The blockchain ledger serves as a decentralized database that maintains details about each transaction. The transactions are added to the ledger in chronological order and stored as a series of blocks. Each block references the preceding block to form an interconnected chain.
The ledger is distributed across multiple nodes, with each node maintaining a complete copy. Blockchain automatically synchronizes and validates the transactions across all nodes. The ledger is transparent to and verifiable by all participating members, eliminating the need for a central authority or third-party verification service.
Because of its distributed nature, blockchain is being touted as a natural fit for peer-to-peer (P2P), decentralized storage. In this scenario, blockchain provides the structure necessary to create a logical storage pool of geographically dispersed storage resources that serve as the blockchain nodes.
The following figure provides an overview of how blockchain storage works.
A blockchain-based storage system prepares the data for storage and then distributes it across a decentralized infrastructure, a process that can be broken into the six steps that follow:
- Create data shards. The storage system breaks the data into smaller segments, a process called sharding. Sharding involves breaking the data into manageable chunks that can be distributed across multiple nodes. The exact approach to sharding depends on the type of data and the application doing the sharding. Sharding a relational database is different from sharding a NoSQL database or sharding files on a file share.
- Encrypt each shard. The storage system then encrypts each data shard on the local system. The content owner has complete control over this process. The goal is to ensure that no one other than the content owner can view or access the data in a shard, wherever the data is located and whether that data is at rest or in motion.
- Generate a hash for each shard. The blockchain storage system generates a unique hash — an encrypted output string of a fixed length — based on the shard’s data or encryption keys.
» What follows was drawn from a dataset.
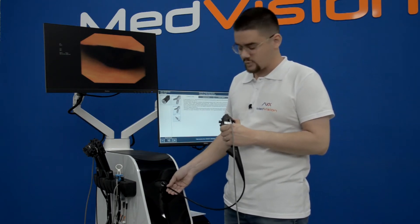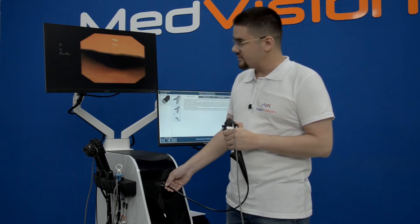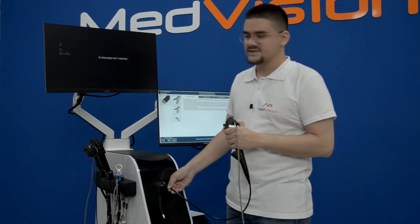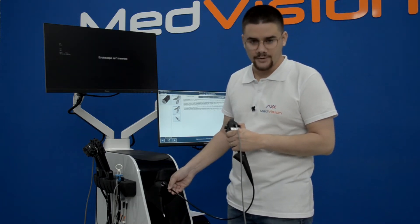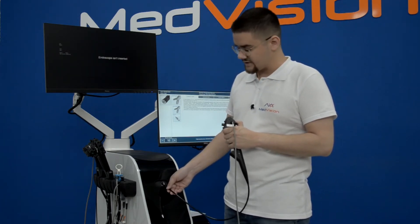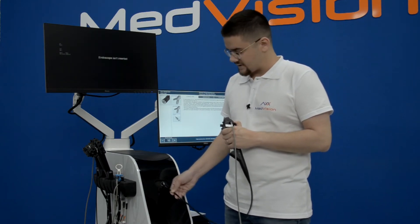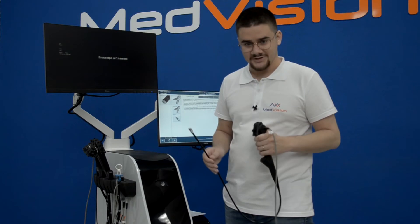Always be very gentle when operating the flexible parts of the instrument. When removing, pull it out gently and at some point you'll feel a slight resistance — this is where the holder is holding the instrument. Push it back a little further and it will release completely.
The hash is added to both the ledger and shard metadata to link transactions to the stored shards. The exact approach to generating hashes varies from one system to the next.
- Replicate each shard. The storage system replicates each shard so there are enough redundant copies to ensure availability and performance and protect against degradation and data loss. The content owner chooses how many copies to make of each shard and where those shards are located. As part of this process, the content owner should establish a threshold for the minimum number of copies to maintain to ensure against data loss.
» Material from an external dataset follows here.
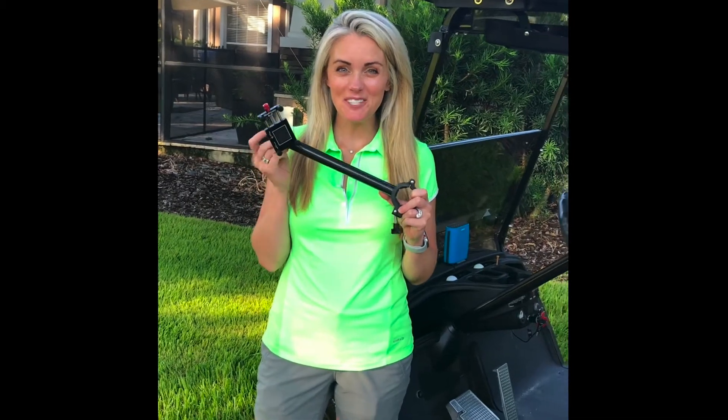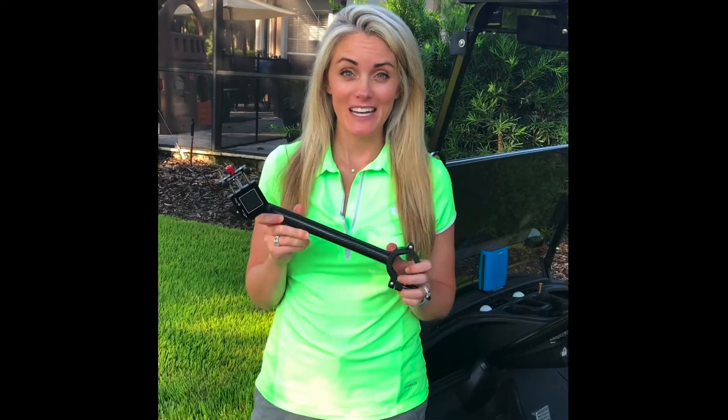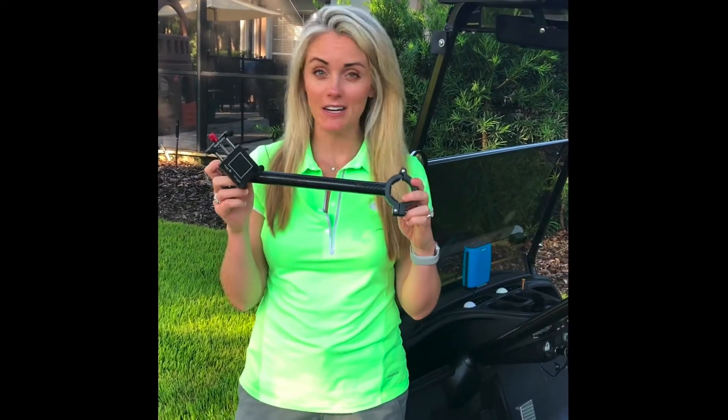Hello, proud new owners of your Shaft Caddy! I'm going to walk you through a really quick and easy installation. Your Shaft Caddy is going to come in the packaging already assembled — no assembly required by you.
- Distribute the replicated shards. A P2P network distributes the replicated shards to geographically dispersed storage nodes, either regionally or globally. Multiple organizations or individuals — sometimes referred to as farmers — own the storage nodes, leasing extra storage space in exchange for some type of compensation, usually cryptocurrency. No one entity owns all the storage resources or controls the storage infrastructure. Only content owners have full access to all their data, no matter where those nodes are located.
- Record transactions to the ledger. The storage system records all transactions in the blockchain ledger and syncs that information across all nodes. The ledger stores details relevant to the transaction, such as the shard location, shard hash and leasing costs. Because the ledger is based on blockchain technology, it’s transparent, verifiable, traceable and tamper-proof.
Although step six is listed last, blockchain integration is an ongoing process, with the exact approach dependent on the storage system. For example, it might initially record the transaction in the blockchain ledger when the storage process first begins. Then, it would update the transaction with information, such as the unique hash or node-specific details, as they become available. Then, after the transaction has been verified by the participating nodes, the system marks the transaction as final within the ledger and locks it to prevent changes.
The six steps described here are meant as a way to conceptualize the blockchain storage process. The exact approach will depend on how the specific storage system is implemented for a given use case and how that data storage is managed.